Publication year - 1993
Publication title -
the embo journal
Language(s) - English
Resource type - Journals
SCImago Journal Rank - 7.484
H-Index - 392
eISSN - 1460-2075
pISSN - 0261-4189
DOI - 10.1002/j.1460-2075.1993.tb06018.x
Subject(s) - biology , genetics , cyclin , gene duplication , saccharomyces cerevisiae , gene , cell cycle , mutant , microbiology and biotechnology
Two new B‐type cyclin genes from Saccharomyces cerevisiae, called CLB5 and CLB6, are located in a tail to tail arrangement adjacent to the G2/M phase promoting cyclins CLB2 and CLB1, respectively. These genomic cyclin arrays are flanked by tRNAs and repeated sequences of Ty elements suggesting an intrachromosomal gene duplication followed by an interchromosomal gene duplication.
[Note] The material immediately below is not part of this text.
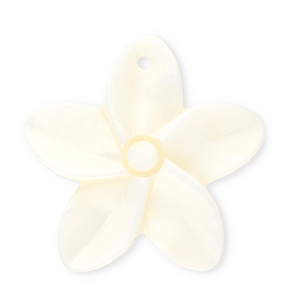 Pendenti di conchiglia prodotti speciali fiore bianco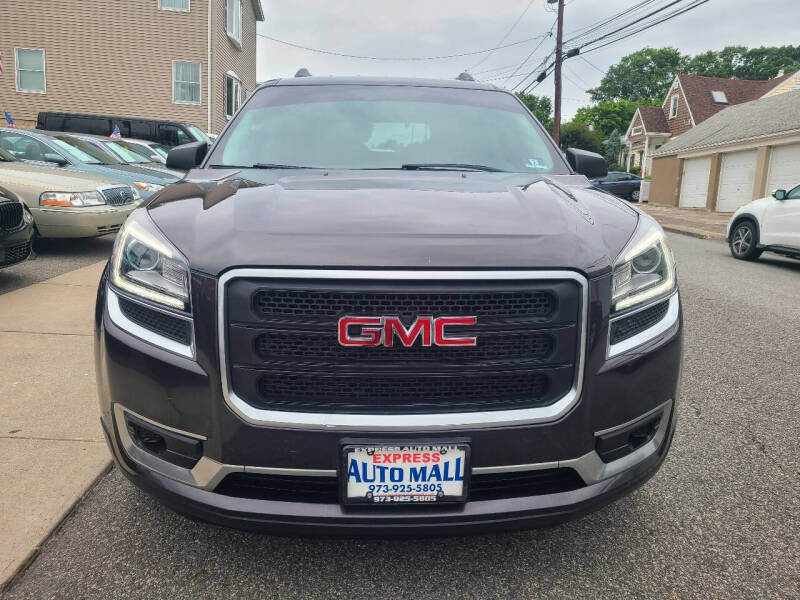2016 GMC Acadia SLE-2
Based on their deduced protein sequence the CLB5 and CLB6 genes form a new pair of B‐type cyclins. They are most related to each other and then to the deduced protein sequence of their adjacent genes CLB1 and CLB2. Both genes are periodically expressed, peaking early in the cell cycle. Loss of function mutants are viable, but clb5‐ mutants exhibit a delay in S phase whereas clb6‐ mutants show a delay in late G1 and/or S phase. The clb5 mutant phenotype is somewhat more pronounced in a double null mutant. Both cyclins have the potential to interact with the p34CDC28 kinase in vivo.